In the data below, locate the line containing "Hình 4. Tinh" and the line containing "GIF: Bebé de oso polar", then retype both and everything between them exactly. Pictures are not part of the copy.
++++ Data records ++++
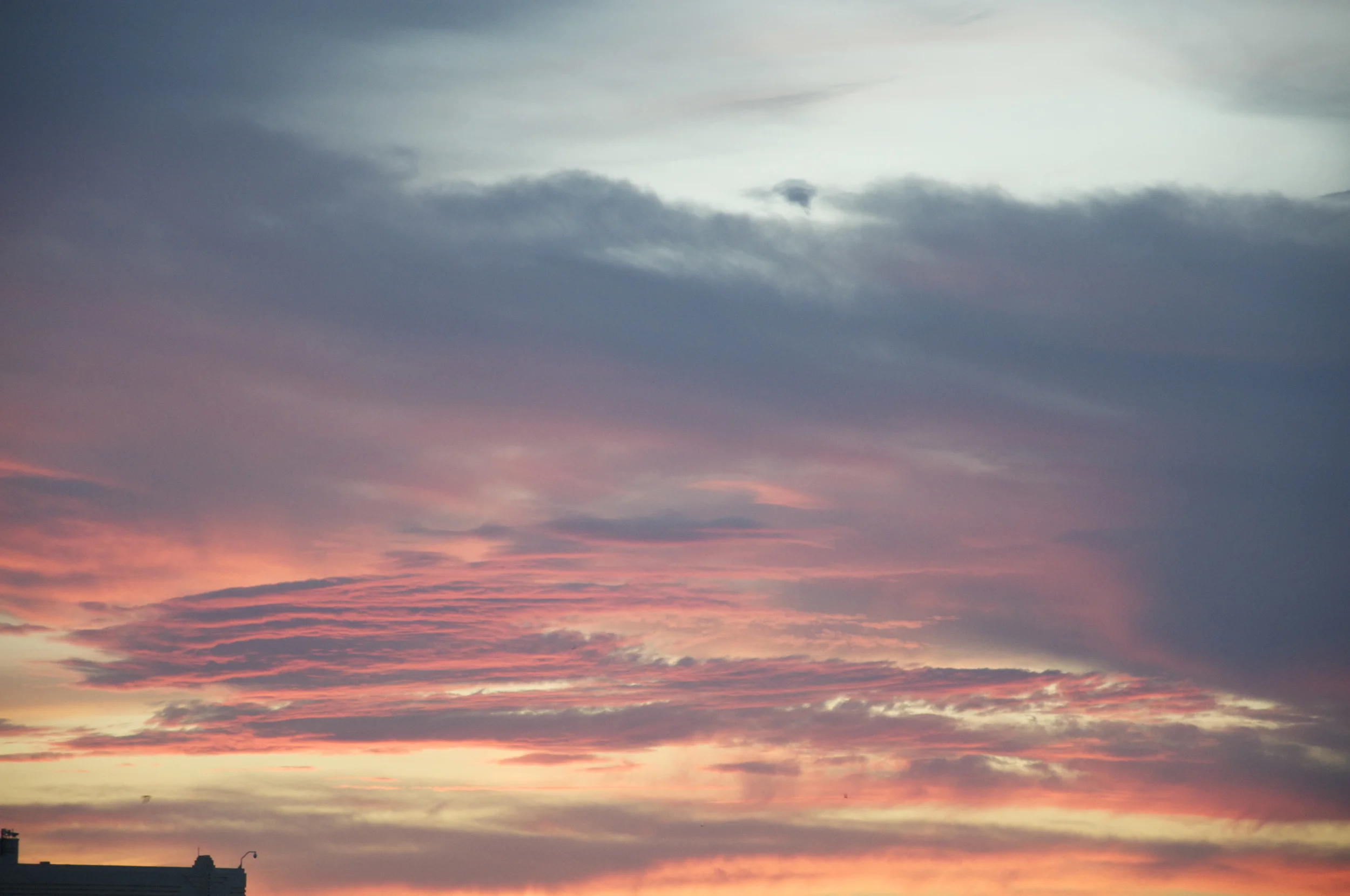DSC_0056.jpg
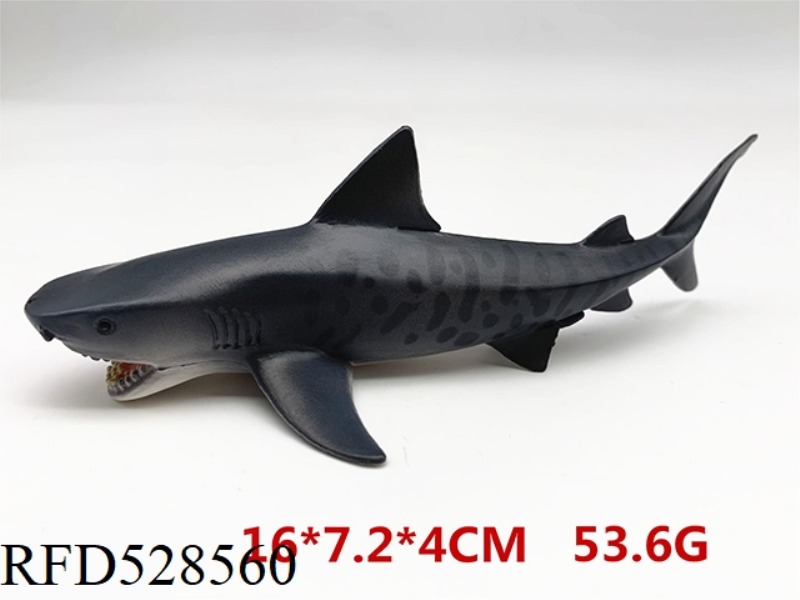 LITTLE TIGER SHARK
++++
++++ Data records ++++
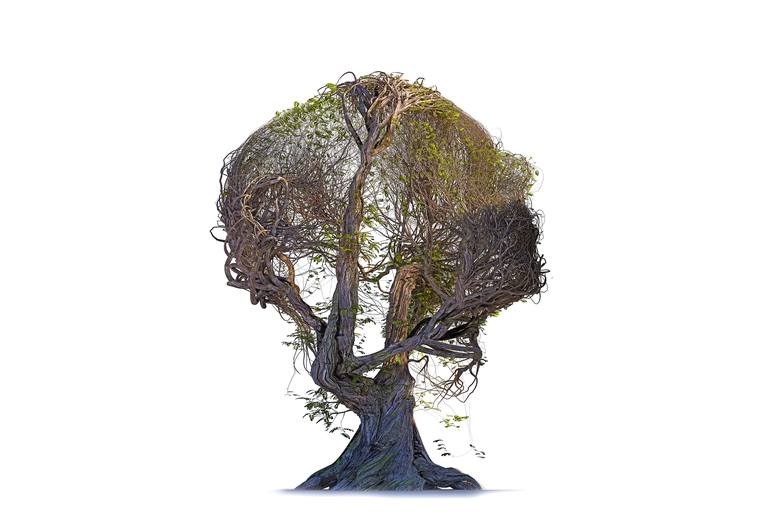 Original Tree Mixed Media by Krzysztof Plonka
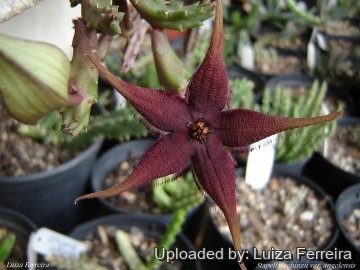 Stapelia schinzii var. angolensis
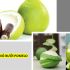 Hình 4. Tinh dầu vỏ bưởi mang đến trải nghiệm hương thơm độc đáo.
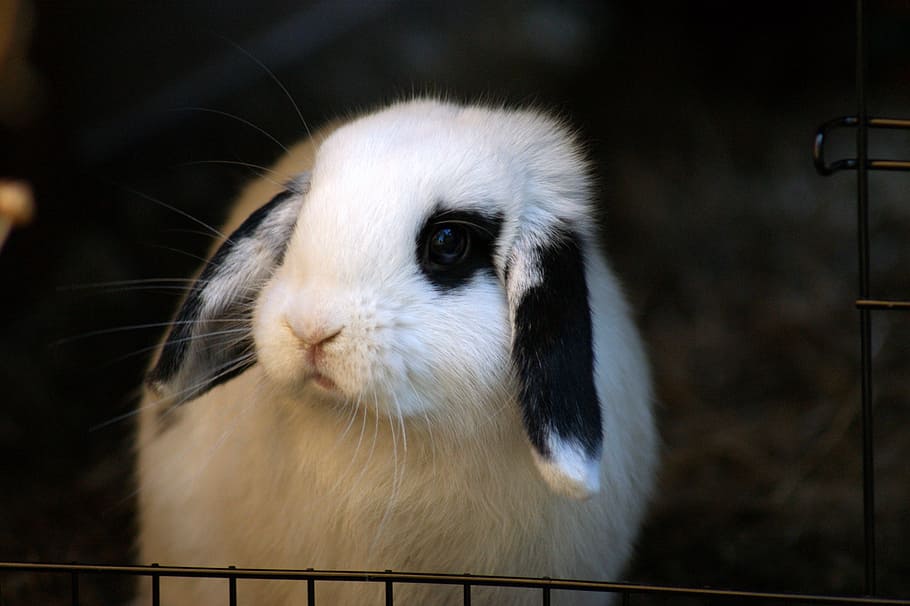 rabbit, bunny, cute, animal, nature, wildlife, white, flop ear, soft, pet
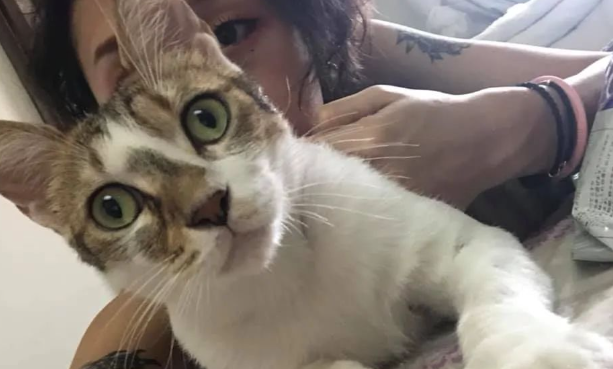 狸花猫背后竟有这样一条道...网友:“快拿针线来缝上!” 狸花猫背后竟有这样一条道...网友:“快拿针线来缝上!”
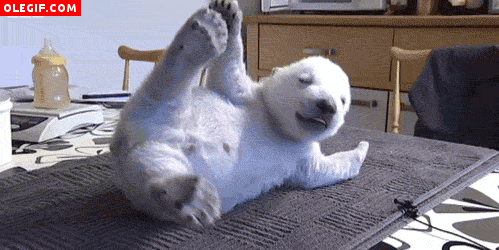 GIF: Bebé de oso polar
++++
++++ Data records ++++
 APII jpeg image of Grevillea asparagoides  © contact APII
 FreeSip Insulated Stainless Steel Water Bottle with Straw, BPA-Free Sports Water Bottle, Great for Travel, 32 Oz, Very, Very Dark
++++
Reply:
 Hình 4. Tinh dầu vỏ bưởi mang đến trải nghiệm hương thơm độc đáo.
 rabbit, bunny, cute, animal, nature, wildlife, white, flop ear, soft, pet
 狸花猫背后竟有这样一条道...网友:“快拿针线来缝上!” 狸花猫背后竟有这样一条道...网友:“快拿针线来缝上!”
 GIF: Bebé de oso polar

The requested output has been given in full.